La legge di bilancio per il 2017 reca, infatti, due benefici previdenziali per i lavoratori dipendenti che svolgono attività lavorative indicate negli allegati C ed E annessi alla legge 232/2016 che svolgono, al momento del pensionamento, attività lavorative per le quali è richiesto un impegno tale da rendere particolarmente difficoltoso e rischioso il loro svolgimento in modo continuativo.
I lavoratori precoci potranno quindi chiedere dal 1 maggio 2017 l’Ape sociale, se risultano in possesso di almeno 63 anni a condizione di possedere almeno 36 anni di contributi, oppure se più favorevole, ove si possono vantare almeno 12 mesi di lavoro effettivo prima del 19° anno di età. Va ricordato che l’Ape sociale non sarà una vera e propria pensione ma un reddito ponte erogato dallo Stato, che viene versato fino al raggiungimento dei requisiti per il pensionamento e poi il lavoratore dovrà restituire. Con l’Ape sociale il tetto massimo lordo erogabile al lavoratore è di 1500 euro lordi al mese.
Le categorie dei lavoratori precoci sono: operai dell’industria estrattiva, dell’edilizia, conduttori di gru o di macchinari mobili, conciatori di pelli e pellicce, conduttori di convogli ferroviari e personale addetto, conduttori di mezzi pesanti e camion, personale di professioni sanitarie ed ostetriche, insegnati di scuola dell’infanzia e maestri di asilo nido, facchini vari, personale addetto al servizio di pulizia e infine operatori ecologici.

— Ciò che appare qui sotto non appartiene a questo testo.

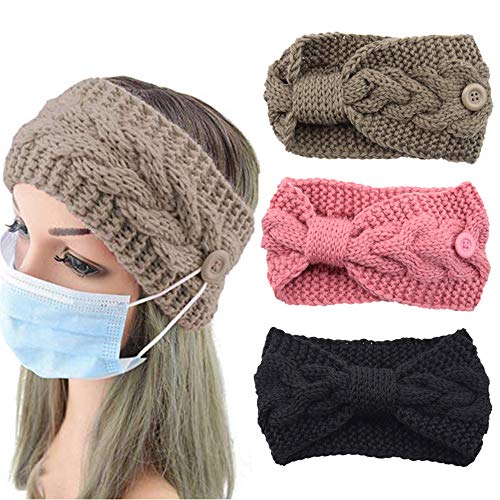 Headbands With Buttons For Face Masks Covers,Button Headbands Ear Saver Headbands Wide Turban Headband Twisted Criss Cross Head Wrap Elastic Hair Band Accessories for Women,Girls Nurses(3 Piece)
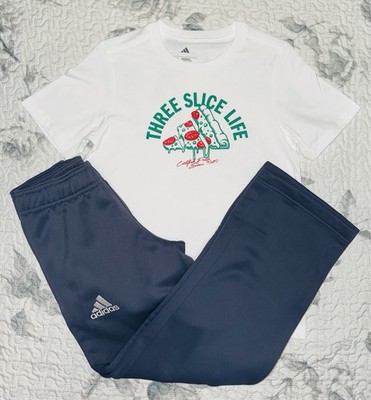 Boys Adidas White  THREE SLICE LIFE  T-Shirt & Gray Joggers Set Sz/ Small (8)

Secondo le rappresentanze sindacali la questione riguarda soprattutto gli edili. La Fillea Cgil chiede su questo fronte che venga ripreso in Parlamento il percorso avviato a fine anno, partendo proprio dall’ordine del giorno approvato a larghissima maggioranza alla Camera dal presidente della Commissione Lavoro (il documento impegna a chiarire che i sei anni di lavoro non siano consecutivi) e dagli emendamenti presentati trasversalmente al Senato da Pd, Forza Italia e Ncd finalizzati anche a ridurre i 36 anni contributivi.